To run this example, create first the file “/tmp/soma_workflow_examples/myfile” with any content. It will stand for an input file to transfer. Although the job is executed on the computing resource it appears that the command is running on the local files, this is of course not the case. For another example of file transfer without the gui go to the next section.

from soma_workflow.client import Job, Workflow, WorkflowController, FileTransfer

# FileTransfer creation for input files
myfile = FileTransfer(is_input=True,
                    client_path="/tmp/soma_workflow_examples/myfile",
                    name="myfile")

# FileTransfer creation for output files
copy_of_myfile = FileTransfer(is_input=False,
                              client_path="/tmp/soma_workflow_examples/copy_of_myfile",
                              name="copy of my file")

# Job and Workflow
copy_job = Job(command=["cp", myfile, copy_of_myfile],
              name="copy",
              referenced_input_files=[myfile],
              referenced_output_files=[copy_of_myfile])

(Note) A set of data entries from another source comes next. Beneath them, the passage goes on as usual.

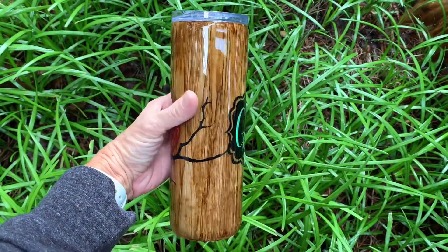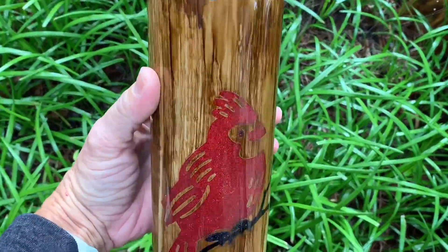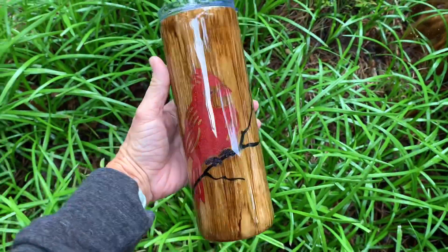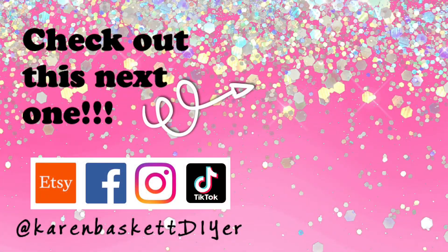Here's the finished product — oh my goodness, I think it turned out so beautiful! I really love that red against the wood grain. I personalized it with holographic vinyl and it just looks so amazing. I hope this sparks some new ideas in your head for peekaboo designs. I really appreciate you watching — I hope you will like, subscribe, and ring that bell for future tumbler tutorial notifications.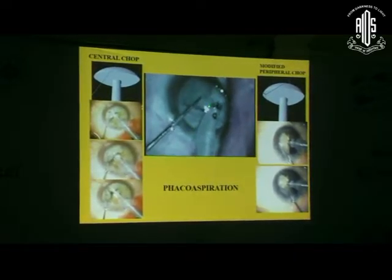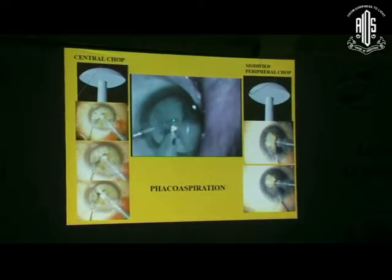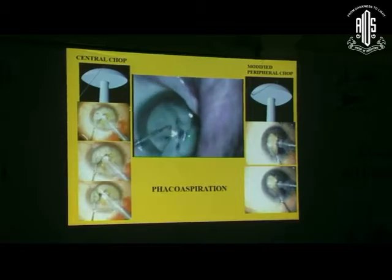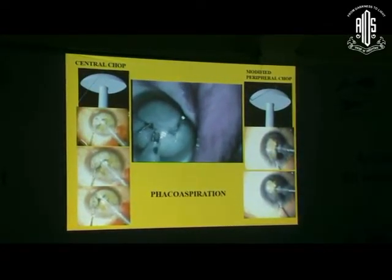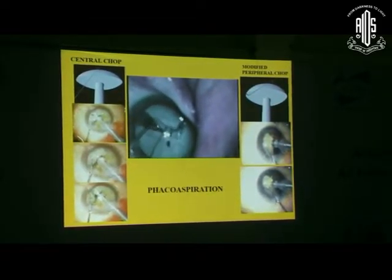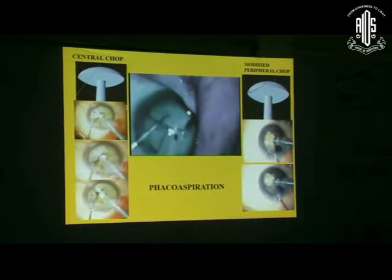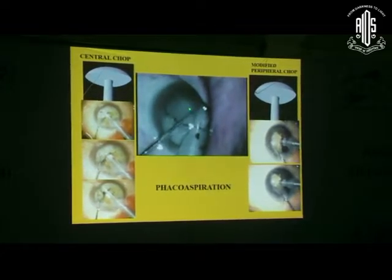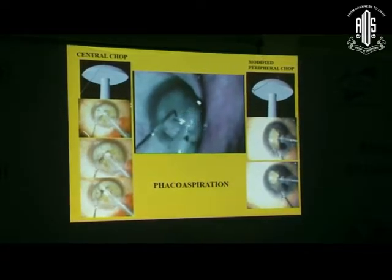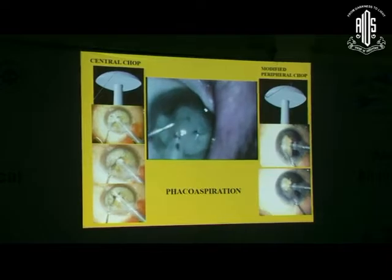This is a central chop where you are putting the chopper into the nucleus. I have created a vacuum seal, and the chopper is just close to the tip. It should not cross the tip on this side or you will lose the vacuum seal; if it is too far away it will tumble. So it has to be adjacent - just adjacent to the tip in front of it, bury it, and then separate sideways. Now the vacuum seal has been created - it holds there like a lollipop. You can see the chopper getting buried, and once it comes close I am separating it. Reposition your chopper where you want to split the fibers - don't keep pulling from the periphery. Always go closer to the fibers you want to split, to avoid stress on the zonules.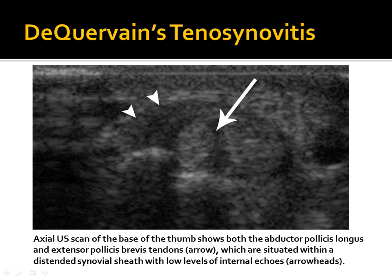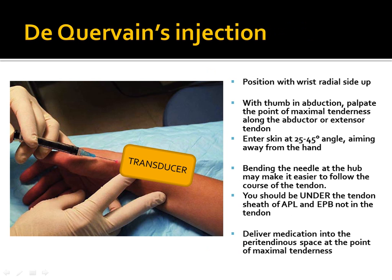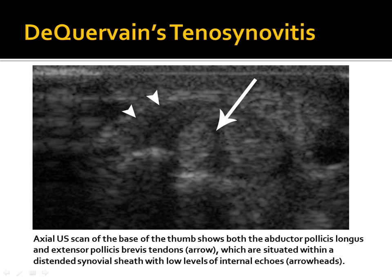De Quervain's tenosynovitis involves inflammation of the abductor pollicis longus and extensor pollicis brevis tendons, surrounded by a distended synovial sheath. It's a painful inflammatory condition of the thumb and wrist that can be successfully treated with ultrasound-guided corticosteroid injection. Position the patient with the radial side up, transducer along the wrist radial side. This is a peritendinous injection — you look for the extensor pollicis brevis and abductor pollicis longus tendons, but do not inject into the tendons or tendon sheath; stay outside.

workflow = Workflow(jobs=[copy_job],
                    dependencies=[])



# submit the workflow
controller = WorkflowController("Titan", login, password)

controller.submit_workflow(workflow=workflow,
                          name="simple transfer")

Run the Python script and open the GUI:

_images/file_transfer_example_gui.png

Transfer the input files using the “Transfer Input Files” button:

_images/file_transfer_example_gui_1.png

The job will start as soon as the transfers ended:

_images/file_transfer_example_gui_2.png

When the workflow is done, transfer the output files using the “Transfer Output Files” button:

_images/file_transfer_example_gui_3.png

The progression and the end of the transfer are visible in the GUI.

_images/file_transfer_example_gui_4.png

Another basic file transfer

For this example we use a dummy program that will create a file on the computing resource:

import sys

if __name__ == "__main__":

    if len(sys.argv) == 2:
        output_file = sys.argv[1]
        f = open(output_file, 'w')
        f.write("a very original message: Hello world!")
        f.close()

it takes, as input, the name of the file that it creates.

Here is the program:

from soma_workflow.client import Job, Workflow, WorkflowController, Helper, FileTransfer

controller = WorkflowController("Gabriel", "mb253889")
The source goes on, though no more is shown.